Just because you’re trying to eat a little healthier doesn’t mean your dinner can’t be marvelously tasty! Healthy Baked Salmon keeps it light and simple; tender, succulent salmon, rich with its delicious natural marbling, coated in olive oil, garlic, and herbs so each bite is fragrant and flavorful. A little lemon for brightness and voilà, you’ve got a meal that will engage you on so many different levels. Let Healthy Baked Salmon show you that healthy food can be a life-changing experience!

Ingredients
- 4 (6-ounce) salmon fillets
- 1/2 teaspoon salt
- 1/4 teaspoon cracked black pepper or finely ground black pepper, to taste
- 2 tablespoons olive oil
- 2 teaspoons garlic, minced
- 1 teaspoon Italian herb seasoning or Herbes de Provence
- 1 medium lemon, divided
- thyme, optional, to taste, chopped, for garnish
- parsley, optional, to taste, chopped, for garnish

Directions
Step 1 –Preheat the oven to 400 degrees F.

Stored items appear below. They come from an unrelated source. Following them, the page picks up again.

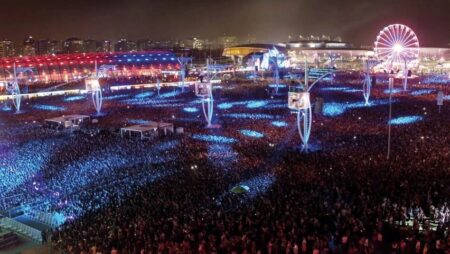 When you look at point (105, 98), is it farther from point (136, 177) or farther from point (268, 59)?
point (268, 59)

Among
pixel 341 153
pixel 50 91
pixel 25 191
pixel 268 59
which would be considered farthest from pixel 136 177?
pixel 268 59

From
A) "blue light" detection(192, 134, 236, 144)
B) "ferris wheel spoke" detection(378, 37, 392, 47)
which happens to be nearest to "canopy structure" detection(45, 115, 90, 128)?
"blue light" detection(192, 134, 236, 144)

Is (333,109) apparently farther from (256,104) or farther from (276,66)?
(276,66)

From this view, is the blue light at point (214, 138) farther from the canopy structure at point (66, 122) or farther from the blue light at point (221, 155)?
the canopy structure at point (66, 122)

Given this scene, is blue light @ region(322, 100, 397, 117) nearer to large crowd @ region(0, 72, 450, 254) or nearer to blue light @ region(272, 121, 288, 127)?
blue light @ region(272, 121, 288, 127)

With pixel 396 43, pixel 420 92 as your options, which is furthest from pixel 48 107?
pixel 396 43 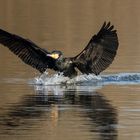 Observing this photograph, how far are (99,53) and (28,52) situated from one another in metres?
1.45

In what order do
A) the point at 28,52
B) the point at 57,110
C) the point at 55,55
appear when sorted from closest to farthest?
the point at 57,110 < the point at 55,55 < the point at 28,52

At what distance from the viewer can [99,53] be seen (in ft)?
64.6

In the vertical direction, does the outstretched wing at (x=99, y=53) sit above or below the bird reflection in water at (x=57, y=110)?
above

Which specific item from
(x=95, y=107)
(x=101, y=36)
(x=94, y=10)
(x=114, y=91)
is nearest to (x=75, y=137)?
(x=95, y=107)

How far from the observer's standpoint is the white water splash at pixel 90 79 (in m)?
19.5

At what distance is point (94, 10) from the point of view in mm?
44531

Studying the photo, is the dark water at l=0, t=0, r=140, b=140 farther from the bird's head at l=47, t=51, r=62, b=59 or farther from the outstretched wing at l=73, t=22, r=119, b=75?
the bird's head at l=47, t=51, r=62, b=59

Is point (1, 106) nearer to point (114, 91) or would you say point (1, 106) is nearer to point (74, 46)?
point (114, 91)

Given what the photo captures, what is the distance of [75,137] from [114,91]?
5177 mm

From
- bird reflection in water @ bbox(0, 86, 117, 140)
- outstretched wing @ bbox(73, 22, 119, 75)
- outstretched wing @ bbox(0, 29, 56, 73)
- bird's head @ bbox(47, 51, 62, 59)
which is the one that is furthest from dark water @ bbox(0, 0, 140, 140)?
bird's head @ bbox(47, 51, 62, 59)

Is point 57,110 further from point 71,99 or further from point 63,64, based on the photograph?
point 63,64

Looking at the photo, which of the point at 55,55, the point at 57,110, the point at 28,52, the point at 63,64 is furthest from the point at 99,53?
the point at 57,110

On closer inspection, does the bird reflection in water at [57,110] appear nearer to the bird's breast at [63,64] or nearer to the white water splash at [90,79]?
the white water splash at [90,79]

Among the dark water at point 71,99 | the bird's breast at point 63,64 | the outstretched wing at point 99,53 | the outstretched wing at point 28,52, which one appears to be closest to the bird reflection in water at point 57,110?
the dark water at point 71,99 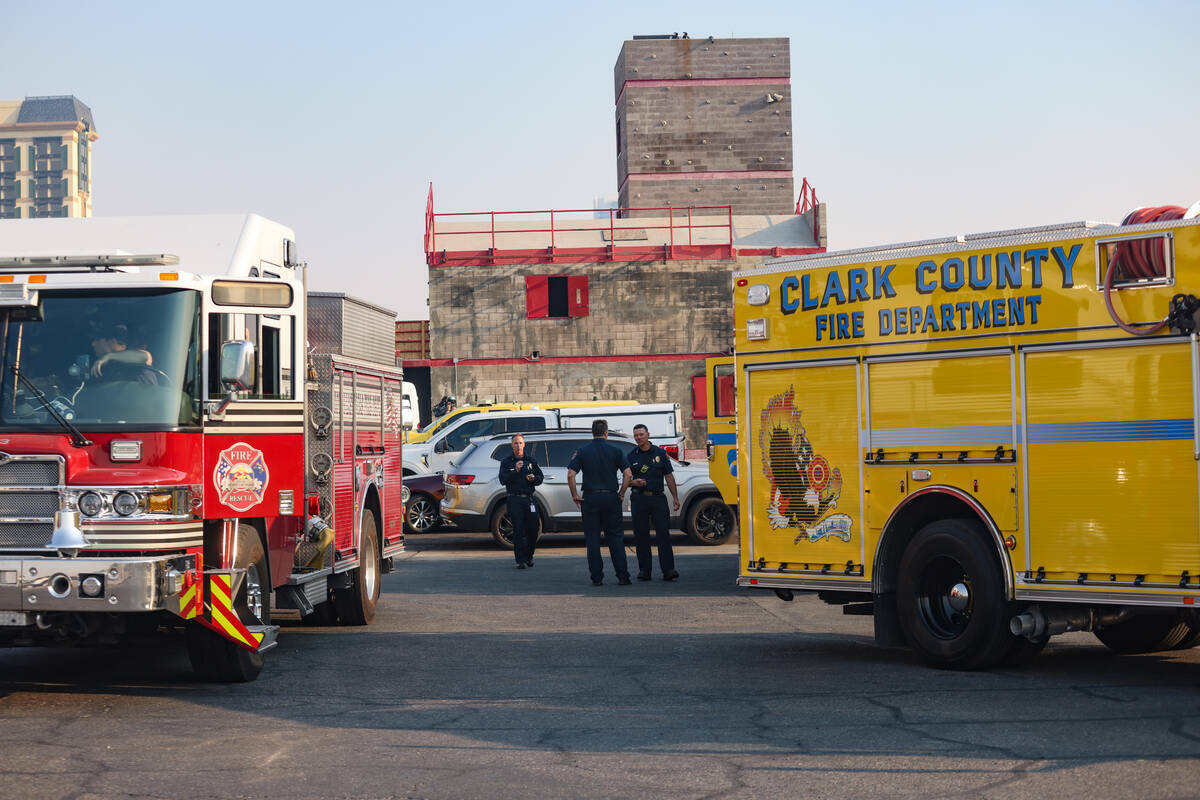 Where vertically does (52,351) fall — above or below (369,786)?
above

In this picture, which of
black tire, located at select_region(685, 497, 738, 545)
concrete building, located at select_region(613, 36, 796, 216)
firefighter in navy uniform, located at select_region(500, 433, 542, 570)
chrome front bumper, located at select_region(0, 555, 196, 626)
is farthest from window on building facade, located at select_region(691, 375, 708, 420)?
chrome front bumper, located at select_region(0, 555, 196, 626)

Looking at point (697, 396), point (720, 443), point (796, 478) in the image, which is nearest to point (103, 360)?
point (796, 478)

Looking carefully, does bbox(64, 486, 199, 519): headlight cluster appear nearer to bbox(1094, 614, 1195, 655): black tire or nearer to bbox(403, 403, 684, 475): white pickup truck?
bbox(1094, 614, 1195, 655): black tire

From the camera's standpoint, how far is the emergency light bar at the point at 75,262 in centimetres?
890

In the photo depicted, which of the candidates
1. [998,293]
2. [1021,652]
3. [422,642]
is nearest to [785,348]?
[998,293]

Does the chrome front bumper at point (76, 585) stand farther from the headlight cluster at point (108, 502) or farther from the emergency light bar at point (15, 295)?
the emergency light bar at point (15, 295)

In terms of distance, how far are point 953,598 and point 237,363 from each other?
5128 mm

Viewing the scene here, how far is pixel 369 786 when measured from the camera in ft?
21.7

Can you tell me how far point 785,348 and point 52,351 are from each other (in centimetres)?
528

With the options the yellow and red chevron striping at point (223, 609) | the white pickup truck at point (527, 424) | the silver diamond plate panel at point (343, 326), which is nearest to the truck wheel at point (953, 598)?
the yellow and red chevron striping at point (223, 609)

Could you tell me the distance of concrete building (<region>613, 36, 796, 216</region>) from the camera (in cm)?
5812

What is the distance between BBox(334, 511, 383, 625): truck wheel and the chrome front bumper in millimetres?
4554

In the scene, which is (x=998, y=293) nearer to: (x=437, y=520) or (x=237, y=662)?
(x=237, y=662)

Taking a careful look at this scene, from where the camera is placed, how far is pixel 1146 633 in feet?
34.5
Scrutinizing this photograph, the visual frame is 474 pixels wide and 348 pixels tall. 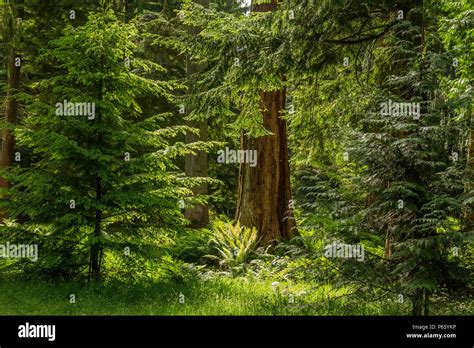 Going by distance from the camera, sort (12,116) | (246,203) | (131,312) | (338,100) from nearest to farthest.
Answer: (131,312), (338,100), (246,203), (12,116)

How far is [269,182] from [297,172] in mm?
2888

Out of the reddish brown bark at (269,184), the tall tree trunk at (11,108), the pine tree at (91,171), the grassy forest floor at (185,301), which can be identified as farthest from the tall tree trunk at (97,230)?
the tall tree trunk at (11,108)

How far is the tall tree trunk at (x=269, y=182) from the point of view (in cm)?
1215

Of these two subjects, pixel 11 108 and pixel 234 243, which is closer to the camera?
pixel 234 243

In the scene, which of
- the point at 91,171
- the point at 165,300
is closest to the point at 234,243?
the point at 165,300

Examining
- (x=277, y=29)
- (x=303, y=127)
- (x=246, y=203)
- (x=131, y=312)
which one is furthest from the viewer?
(x=246, y=203)

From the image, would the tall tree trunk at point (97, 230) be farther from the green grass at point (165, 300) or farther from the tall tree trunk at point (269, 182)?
the tall tree trunk at point (269, 182)

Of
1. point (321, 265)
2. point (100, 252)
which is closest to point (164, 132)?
point (100, 252)

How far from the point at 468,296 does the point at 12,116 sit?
1346 centimetres

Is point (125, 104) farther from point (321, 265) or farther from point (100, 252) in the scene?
point (321, 265)

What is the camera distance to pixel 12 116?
15016 millimetres

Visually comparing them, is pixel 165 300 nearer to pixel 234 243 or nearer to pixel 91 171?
pixel 91 171

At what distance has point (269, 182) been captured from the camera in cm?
1223

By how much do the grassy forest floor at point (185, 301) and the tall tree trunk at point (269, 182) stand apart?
10.5ft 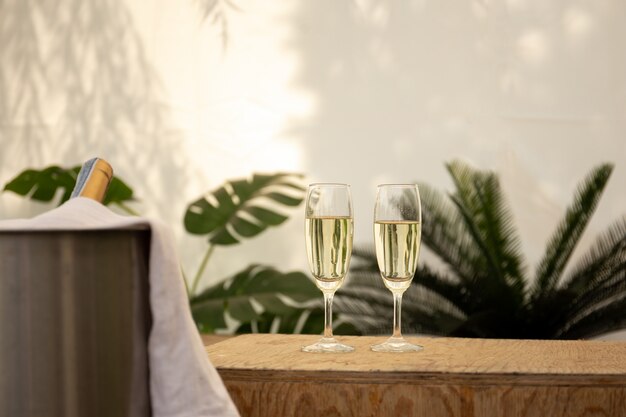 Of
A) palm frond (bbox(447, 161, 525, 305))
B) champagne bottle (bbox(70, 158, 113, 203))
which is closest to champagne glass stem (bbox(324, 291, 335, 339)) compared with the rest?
champagne bottle (bbox(70, 158, 113, 203))

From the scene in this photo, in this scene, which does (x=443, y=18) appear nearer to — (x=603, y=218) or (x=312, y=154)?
(x=312, y=154)

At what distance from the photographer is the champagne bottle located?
114 cm

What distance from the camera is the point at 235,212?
512 centimetres

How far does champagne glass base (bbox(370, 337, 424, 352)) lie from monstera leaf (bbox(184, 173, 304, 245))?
140 inches

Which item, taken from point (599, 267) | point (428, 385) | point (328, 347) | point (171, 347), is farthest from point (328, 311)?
point (599, 267)

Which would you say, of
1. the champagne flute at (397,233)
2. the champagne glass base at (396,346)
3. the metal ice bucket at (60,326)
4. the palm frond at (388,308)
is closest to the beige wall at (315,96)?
the palm frond at (388,308)

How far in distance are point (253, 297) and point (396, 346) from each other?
338cm

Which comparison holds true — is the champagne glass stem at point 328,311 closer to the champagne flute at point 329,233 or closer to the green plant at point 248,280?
the champagne flute at point 329,233

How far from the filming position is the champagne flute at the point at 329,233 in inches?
55.3

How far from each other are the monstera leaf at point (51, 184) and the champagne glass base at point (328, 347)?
374 cm

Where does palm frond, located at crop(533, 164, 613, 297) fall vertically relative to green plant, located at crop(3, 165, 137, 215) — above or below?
below

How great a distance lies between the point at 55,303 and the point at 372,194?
5.08 m

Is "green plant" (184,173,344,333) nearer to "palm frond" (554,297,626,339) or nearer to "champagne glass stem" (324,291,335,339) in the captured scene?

Step 2 –Grease a 9×13-inch baking pan with cooking spray.
Step 3 –Arrange the salmon in the baking pan and season the fillets with the salt and the pepper.
Step 4 –In a small bowl, add the olive oil, the garlic, the Herbes de Provence, and the juice of 1/2 of lemon and whisk to combine.
Step 5 –Spoon the olive oil mixture over the salmon, making sure to rub it all over the tops and the sides of the salmon so there are no dry spots.
Step 6 –Thinly slice the remaining 1/2 of the lemon and top each piece of the salmon with at least 1 slice.
Step 7 –Bake until the salmon is opaque, flaky when pulled apart with a fork, and reaches an internal temperature of 145 degrees F, about 12-15 minutes.
Step 8 –Optionally, you can broil the salmon for the last 1-2 minutes of cooking for a crispy top.
Step 9 –Serve garnished with the fresh thyme and the fresh parsley.